▸ Exercise requirements: Print the entries exactly as given.

▸ Recorded data:
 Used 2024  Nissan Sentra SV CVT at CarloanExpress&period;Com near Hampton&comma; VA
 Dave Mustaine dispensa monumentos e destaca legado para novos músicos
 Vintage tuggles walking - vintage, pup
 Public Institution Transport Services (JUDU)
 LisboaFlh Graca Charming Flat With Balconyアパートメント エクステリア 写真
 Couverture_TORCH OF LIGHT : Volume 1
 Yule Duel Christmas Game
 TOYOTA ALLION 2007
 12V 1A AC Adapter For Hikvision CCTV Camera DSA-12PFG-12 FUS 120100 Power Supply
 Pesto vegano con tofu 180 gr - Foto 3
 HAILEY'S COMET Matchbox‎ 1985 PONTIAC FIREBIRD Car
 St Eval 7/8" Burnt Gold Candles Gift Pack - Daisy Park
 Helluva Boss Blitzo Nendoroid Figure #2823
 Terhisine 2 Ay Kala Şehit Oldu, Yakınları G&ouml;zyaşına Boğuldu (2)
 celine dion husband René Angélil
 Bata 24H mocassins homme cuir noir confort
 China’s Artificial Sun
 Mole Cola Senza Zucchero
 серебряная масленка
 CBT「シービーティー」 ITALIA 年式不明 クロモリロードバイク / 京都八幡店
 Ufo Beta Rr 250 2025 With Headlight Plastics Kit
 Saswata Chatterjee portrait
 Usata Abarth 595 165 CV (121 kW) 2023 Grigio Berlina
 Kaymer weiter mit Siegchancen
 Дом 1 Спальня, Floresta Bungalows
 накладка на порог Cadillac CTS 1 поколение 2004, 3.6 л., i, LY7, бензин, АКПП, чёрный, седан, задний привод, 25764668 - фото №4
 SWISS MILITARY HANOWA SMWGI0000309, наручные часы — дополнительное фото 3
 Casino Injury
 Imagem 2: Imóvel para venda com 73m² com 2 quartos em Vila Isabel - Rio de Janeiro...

▸ Answer below:
 Used 2024  Nissan Sentra SV CVT at CarloanExpress&period;Com near Hampton&comma; VA
 Dave Mustaine dispensa monumentos e destaca legado para novos músicos
 Vintage tuggles walking - vintage, pup
 Public Institution Transport Services (JUDU)
 LisboaFlh Graca Charming Flat With Balconyアパートメント エクステリア 写真
 Couverture_TORCH OF LIGHT : Volume 1
 Yule Duel Christmas Game
 TOYOTA ALLION 2007
 12V 1A AC Adapter For Hikvision CCTV Camera DSA-12PFG-12 FUS 120100 Power Supply
 Pesto vegano con tofu 180 gr - Foto 3
 HAILEY'S COMET Matchbox‎ 1985 PONTIAC FIREBIRD Car
 St Eval 7/8" Burnt Gold Candles Gift Pack - Daisy Park
 Helluva Boss Blitzo Nendoroid Figure #2823
 Terhisine 2 Ay Kala Şehit Oldu, Yakınları G&ouml;zyaşına Boğuldu (2)
 celine dion husband René Angélil
 Bata 24H mocassins homme cuir noir confort
 China’s Artificial Sun
 Mole Cola Senza Zucchero
 серебряная масленка
 CBT「シービーティー」 ITALIA 年式不明 クロモリロードバイク / 京都八幡店
 Ufo Beta Rr 250 2025 With Headlight Plastics Kit
 Saswata Chatterjee portrait
 Usata Abarth 595 165 CV (121 kW) 2023 Grigio Berlina
 Kaymer weiter mit Siegchancen
 Дом 1 Спальня, Floresta Bungalows
 накладка на порог Cadillac CTS 1 поколение 2004, 3.6 л., i, LY7, бензин, АКПП, чёрный, седан, задний привод, 25764668 - фото №4
 SWISS MILITARY HANOWA SMWGI0000309, наручные часы — дополнительное фото 3
 Casino Injury
 Imagem 2: Imóvel para venda com 73m² com 2 quartos em Vila Isabel - Rio de Janeiro...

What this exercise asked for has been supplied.